● Task prompt
Every record below should be printed exactly, except for the pictures.

[Entries taken from a collection]
+-------+
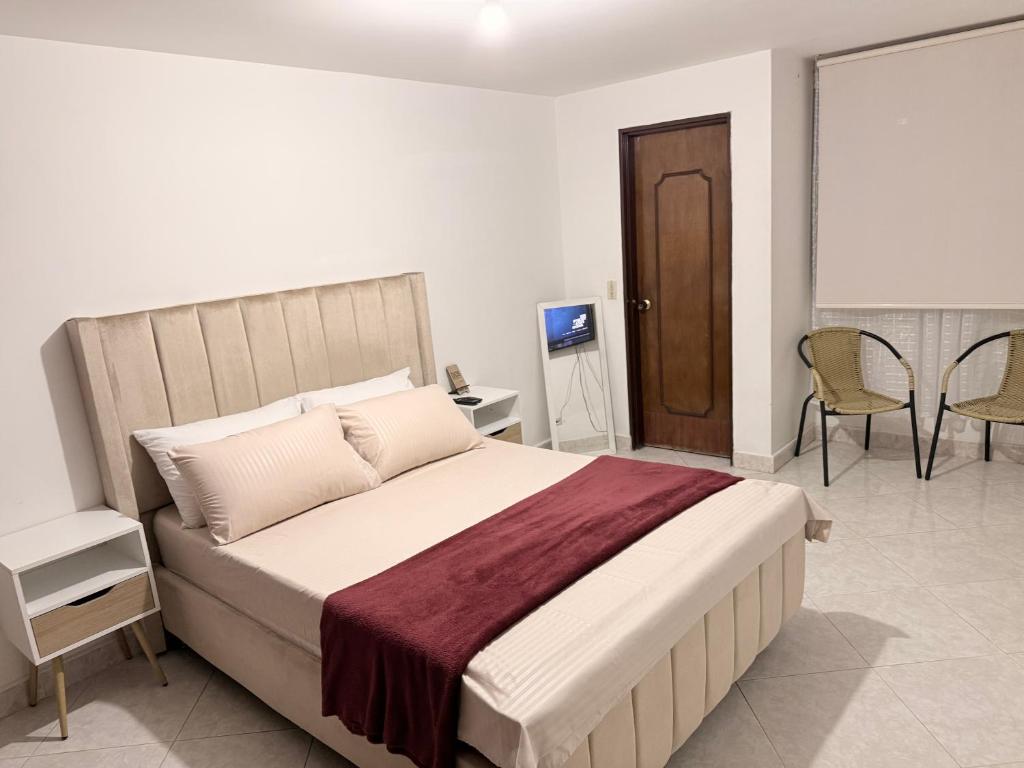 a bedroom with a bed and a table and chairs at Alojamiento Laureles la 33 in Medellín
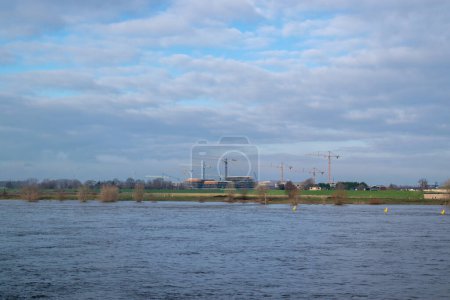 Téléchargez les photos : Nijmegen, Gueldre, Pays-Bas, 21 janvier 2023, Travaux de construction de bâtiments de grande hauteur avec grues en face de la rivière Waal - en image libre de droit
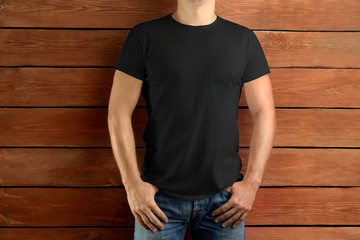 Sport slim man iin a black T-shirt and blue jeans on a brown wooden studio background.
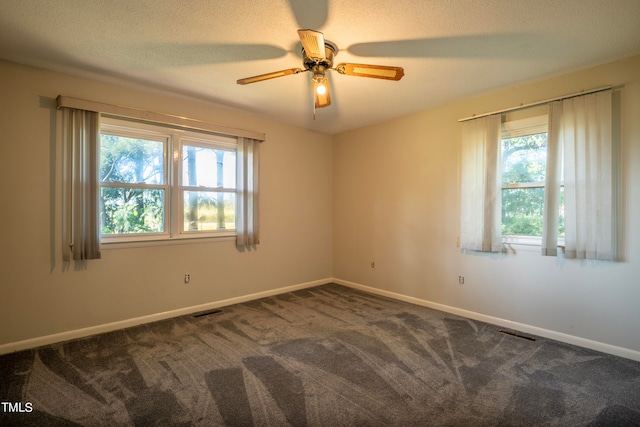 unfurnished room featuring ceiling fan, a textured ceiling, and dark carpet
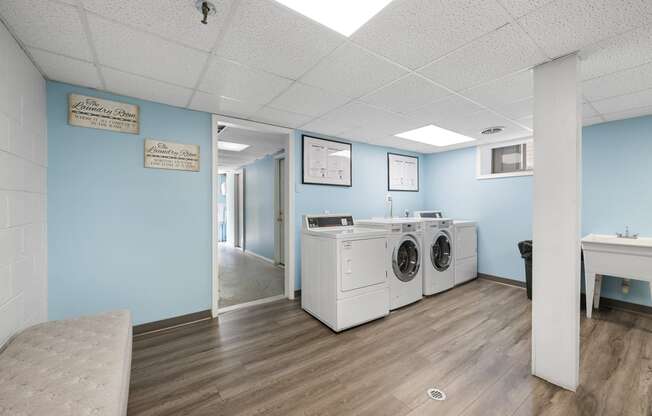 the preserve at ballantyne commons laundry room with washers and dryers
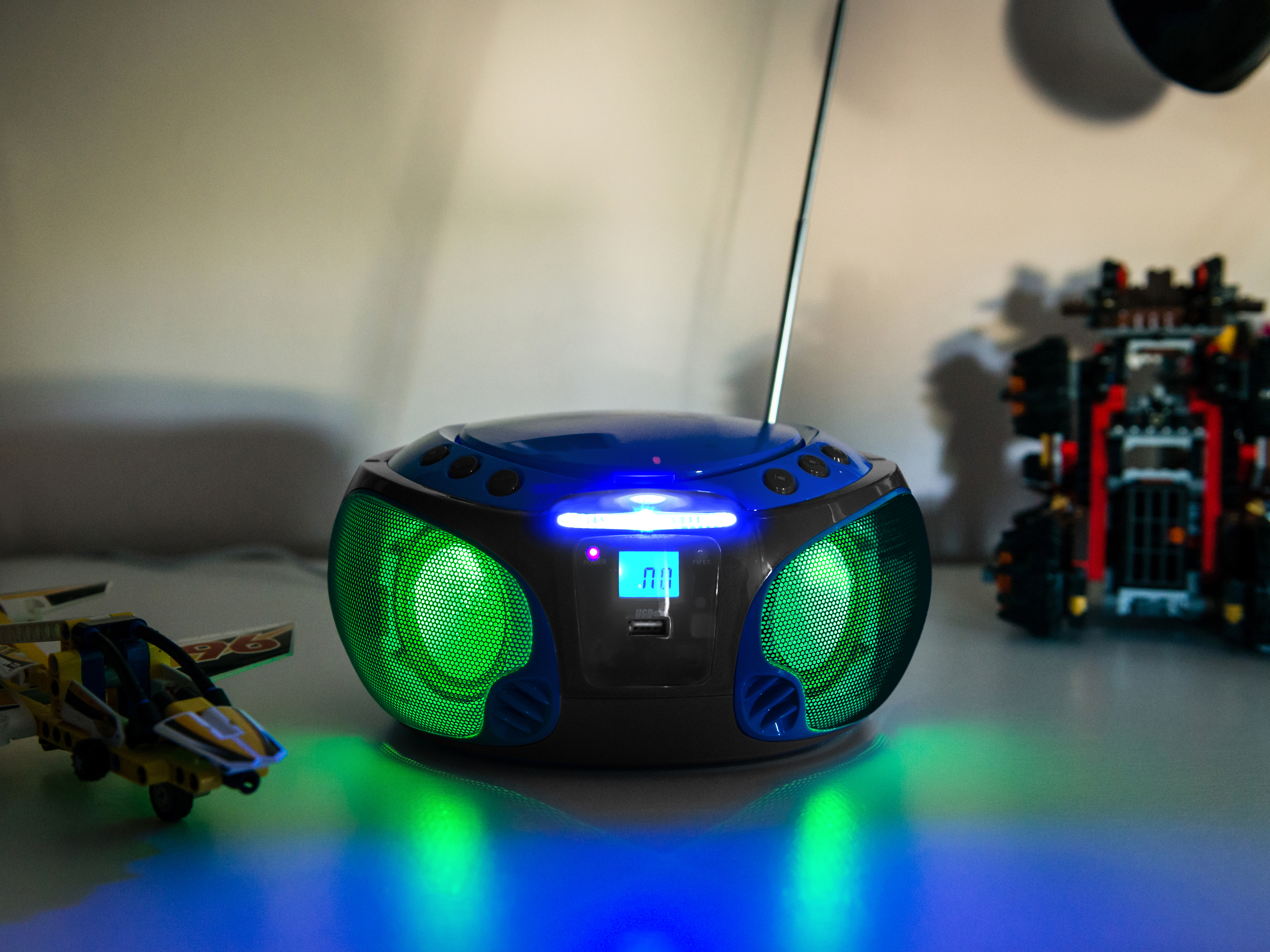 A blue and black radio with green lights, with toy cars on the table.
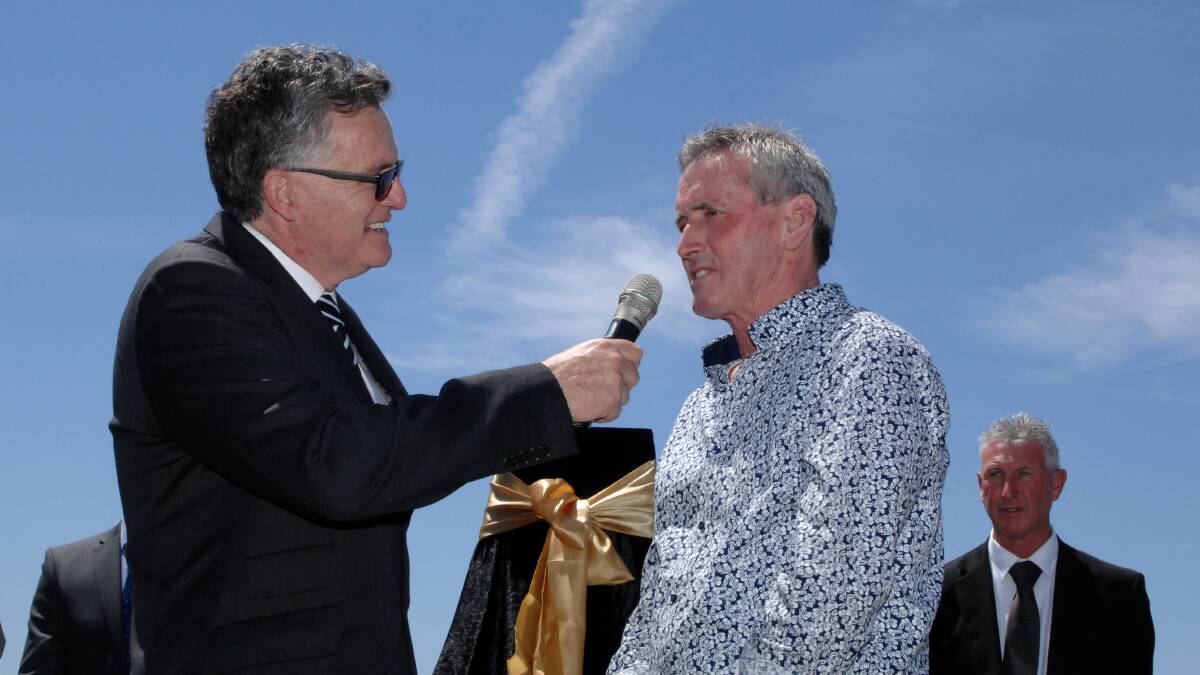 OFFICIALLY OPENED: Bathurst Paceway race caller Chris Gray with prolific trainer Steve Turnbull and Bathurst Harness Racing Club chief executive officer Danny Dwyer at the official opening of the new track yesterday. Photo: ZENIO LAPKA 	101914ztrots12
+-------+
● Problem solution
 a bedroom with a bed and a table and chairs at Alojamiento Laureles la 33 in Medellín
 Téléchargez les photos : Nijmegen, Gueldre, Pays-Bas, 21 janvier 2023, Travaux de construction de bâtiments de grande hauteur avec grues en face de la rivière Waal - en image libre de droit
 Sport slim man iin a black T-shirt and blue jeans on a brown wooden studio background.
 unfurnished room featuring ceiling fan, a textured ceiling, and dark carpet
 the preserve at ballantyne commons laundry room with washers and dryers
 A blue and black radio with green lights, with toy cars on the table.
 OFFICIALLY OPENED: Bathurst Paceway race caller Chris Gray with prolific trainer Steve Turnbull and Bathurst Harness Racing Club chief executive officer Danny Dwyer at the official opening of the new track yesterday. Photo: ZENIO LAPKA 	101914ztrots12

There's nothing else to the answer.